Police service is often the most cherished and visible municipal service—and inevitably one of the costliest. When it comes to balancing local government costs and quality of life, law enforcement increasingly is part of the public conversation. Too often, the immediate reflex is to equate cost savings in law enforcement with compromising public safety. That need not be the case.
A dichotomy drives the challenge
First, there’s emotion involved. We like the sense of security that comes with knowing an officer is patrolling our street. Whether responding to emergencies and criminal activity or getting to know residents on a first-name basis, police form bonds and fill roles that many residents consider vital for their community. Recently I learned some youths in my own neighborhood had accosted one of my neighbors. When I found out how intimately the police officers know the community and possible perpetrators, I could turn my attention away from being fearful for my family and instead focus on community advocacy and intervention.
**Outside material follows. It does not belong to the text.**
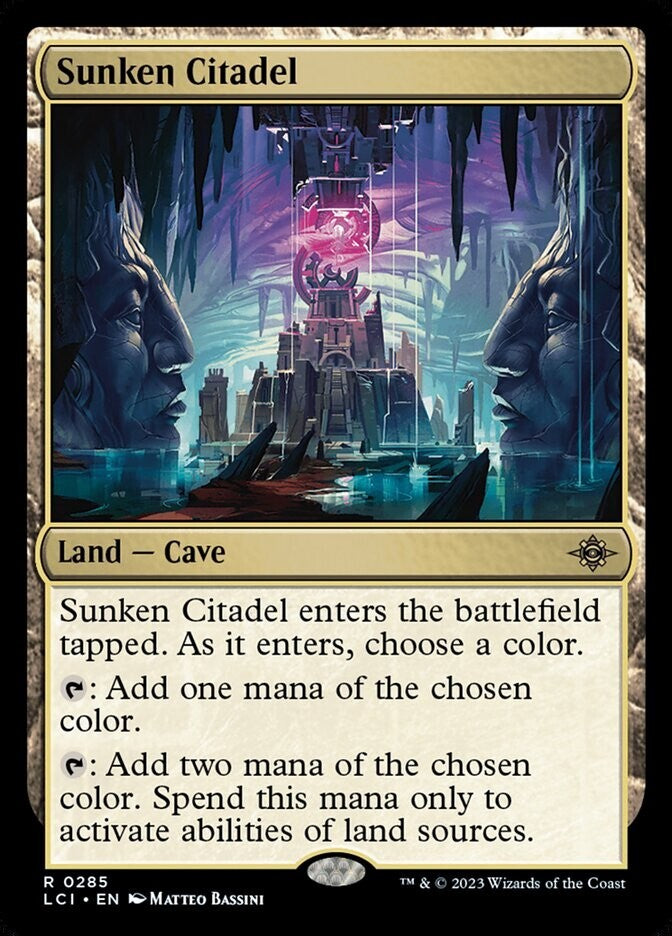 Magic: The Gathering Sunken Citadel  card – MTG single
Second, there are dollars and cents involved. Local governments across the country are more constrained than ever by limited resources and rising costs. In New York and New Jersey, for example, pension and other negotiated benefits are driving mandated annual increases that result in many governments bumping up against their state’s 2% cap on the growth in the tax levy. Plus in New York existing police union contracts are further insulated from certain cost pressures by law (i.e., Taylor Law, Triborough Amendment) and unions can exercise a binding arbitration process that has historically produced favorable outcomes for their members.